An algorithm to sniff out fake news, linguistically.

The Conversation looks at a way that Fatemeh Torabi Asr, a computational linguistics researcher at Simon Fraser University, has devised to use computers to instantaneously identify the language patterns of misleading news stories:

The linguistic characteristics of a written piece can tell us a lot about the authors and their motives. For example, specific words and phrases tend to occur more frequently in a deceptive text compared to one written honestly.

Our analysis of a large collection of fact-checked news articles on a variety of topics shows that, on average, fake news articles use more expressions that are common in hate speech, as well as words related to sex, death and anxiety. Genuine news, on the other hand, contains a larger proportion of words related to work (business) and money (economy).

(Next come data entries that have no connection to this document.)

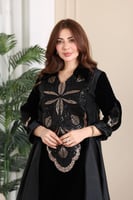 جلابية مخمل ممزوجة بخامة الشانتون في الجوانب وكلفة...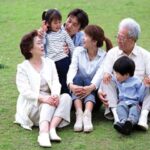 Giúp cha mẹ già vui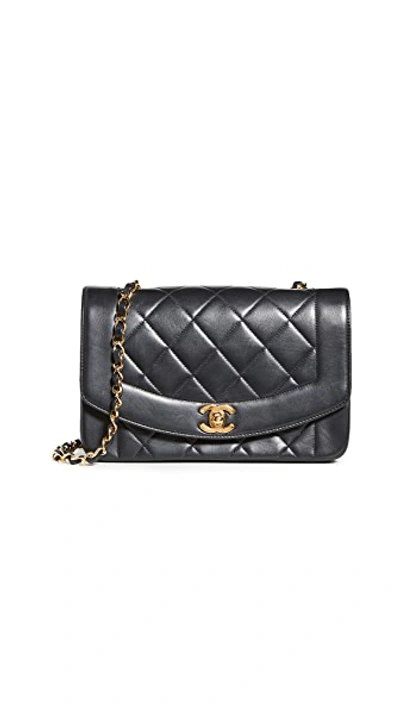 Pre-owned Chanel Classic Flap Bag (previously Owned) In Black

This suggests that a stylistic approach combined with machine learning might be useful in detecting suspicious news.

Our fake news detector is built based on linguistic characteristics extracted from a large body of news articles. It takes a piece of text and shows how similar it is to the fake news and real news items that it has seen before. (Try it out!)

The main challenge, however, is to build a system that can handle the vast variety of news topics and the quick change of headlines online, because computer algorithms learn from samples and if these samples are not sufficiently representative of online news, the model’s predictions would not be reliable.

This seems like really impressive research. It also seems, from my view as a layperson, like something that could go quite wrong as language keeps evolving. But a step in the right direction, though.